A promessa da permacultura tem sido a de desmantelar essa ilusão através da aplicação de uma observação extensa na concepção de sistemas materiais que, ao mesmo tempo, potenciem o processo evolutivo da natureza e satisfaçam as necessidades humanas. Observações rigorosas de todo o aparato dos ecossistemas (em vez da dissecação dos seus componentes) permitem ao praticante de permacultura replicar o sucesso material da natureza.
Os princípios observados são aplicados à satisfação das necessidades humanas, assegurando que tanto as gerações presentes como as futuras possam viver com todos os bens materiais essenciais. Alimentos, fibras, água, materiais de construção, etc., são cultivados e produzidos em sistemas sofisticados de interligação e interdependência, que espelham os ecossistemas em que se inserem. Através do processo de design da permacultura, as qualidades intrinsecamente sustentáveis e resilientes dos ecossistemas naturais são replicadas nos sistemas humanos.
A capacidade da permacultura de prover todas as necessidades humanas pode tornar obsoleta a acumulação social de poder e a acumulação material de riqueza. Embora seja necessário algum grau de autoridade, dada a perícia necessária para conceber e manter tais sistemas, essa autoridade não é altamente técnica nem esotérica.

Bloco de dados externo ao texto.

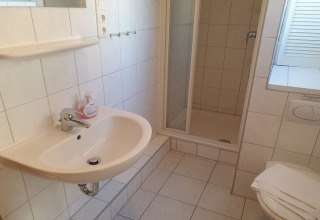 Badeværelse på en husbåd med vask, bruser, toilet og spejl, alt i lyse fliser og moderne stil.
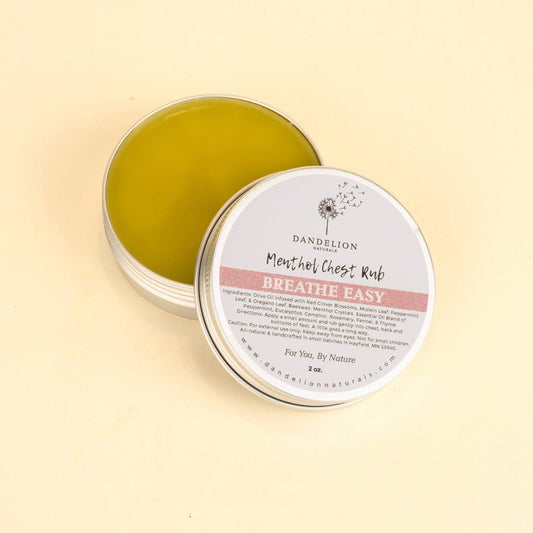 Dandelion Breathe Easy herbal chest rub in a tin, made with menthol and essential oils for respiratory support.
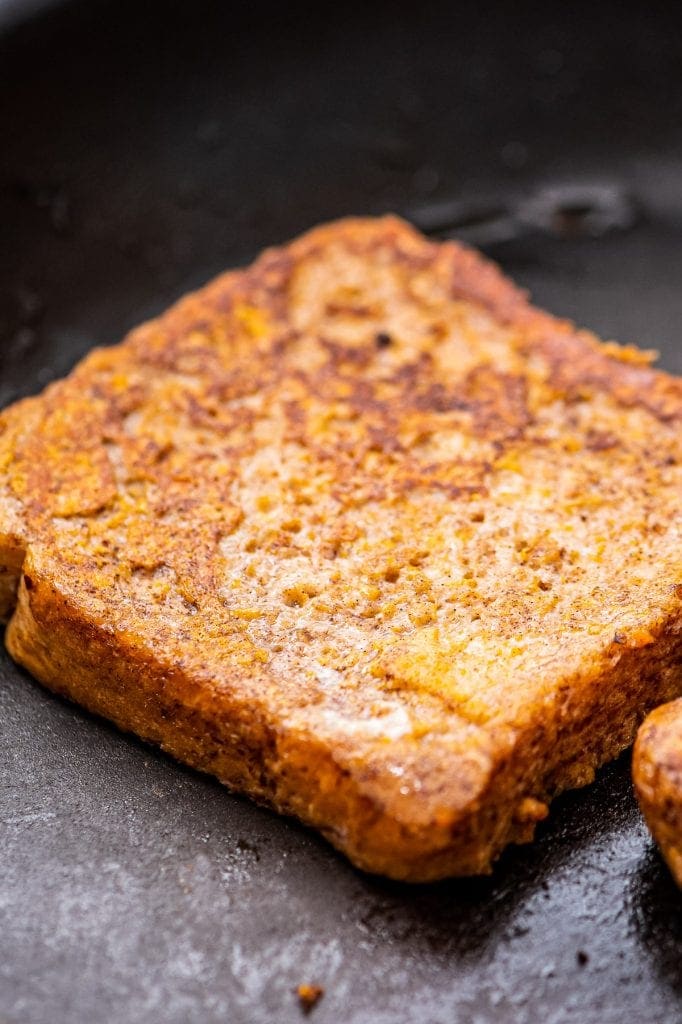 Close up of a piece of pumpkin french toast in skillet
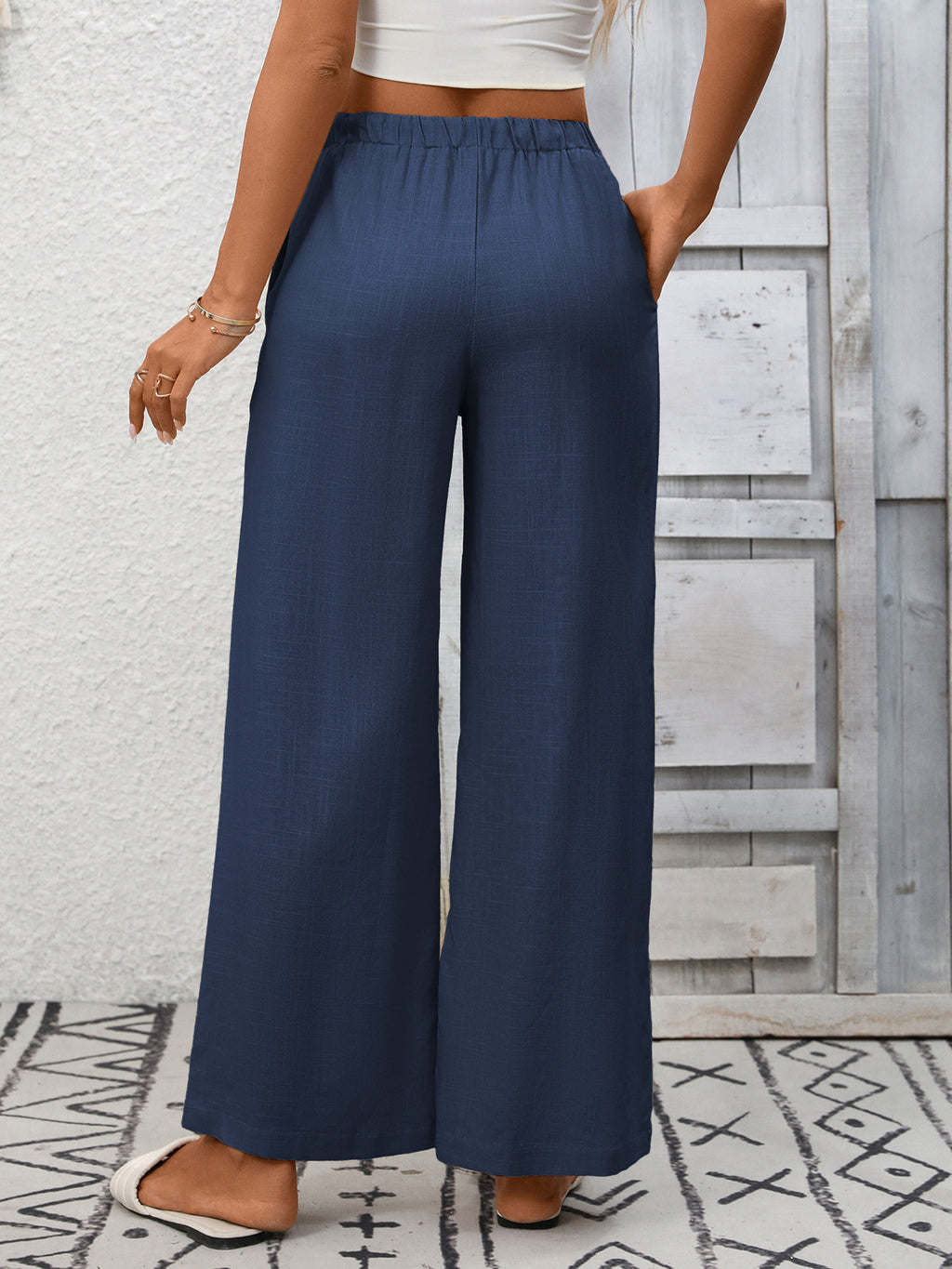 Women's high-waisted wide-leg drawstring pants in soft breathable viscose, shown in a relaxed fit style.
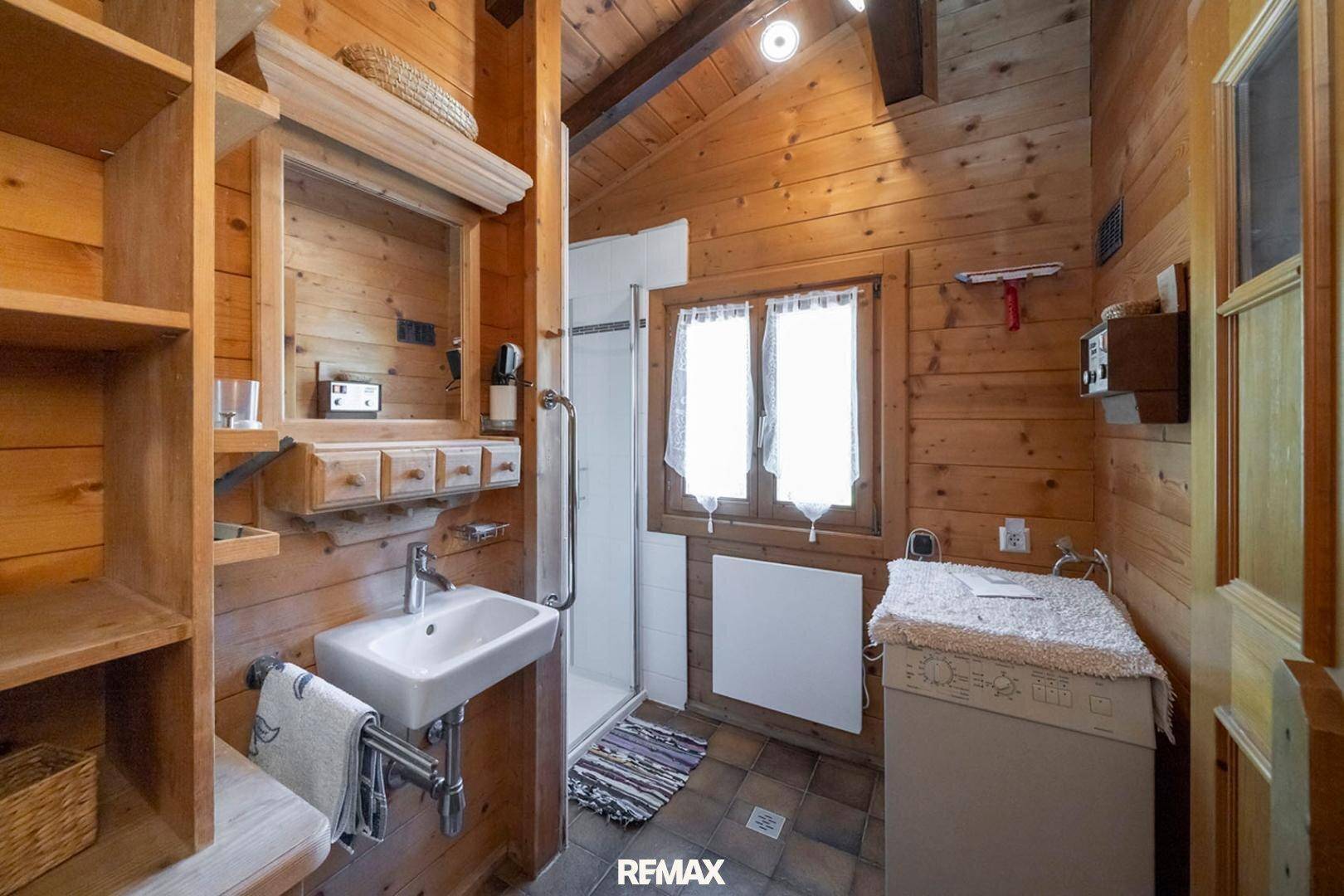 Rustikales Badezimmer mit Holzvertäfelung, Dusche und Waschmaschine.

Em contraste com a perícia tecnológica necessária para operar e manter a vasta economia de extracção e manufactura, a permacultura é extremamente acessível. Um sistema centralizado, hierárquico e deslocalizado de gestão de recursos torna-se desnecessário. Como a economia capitalista global depende da extracção de matérias-primas, do transporte dessas matérias por vastas distâncias e do extenso processo industrial necessário à produção de bens de consumo, a hierarquia social de tecnocratas, burocratas, ricos e seus executores — encarregues de supervisionar esse sistema — perde o seu lugar num sistema material que procura replicar a natureza num sistema local de componentes interdependentes.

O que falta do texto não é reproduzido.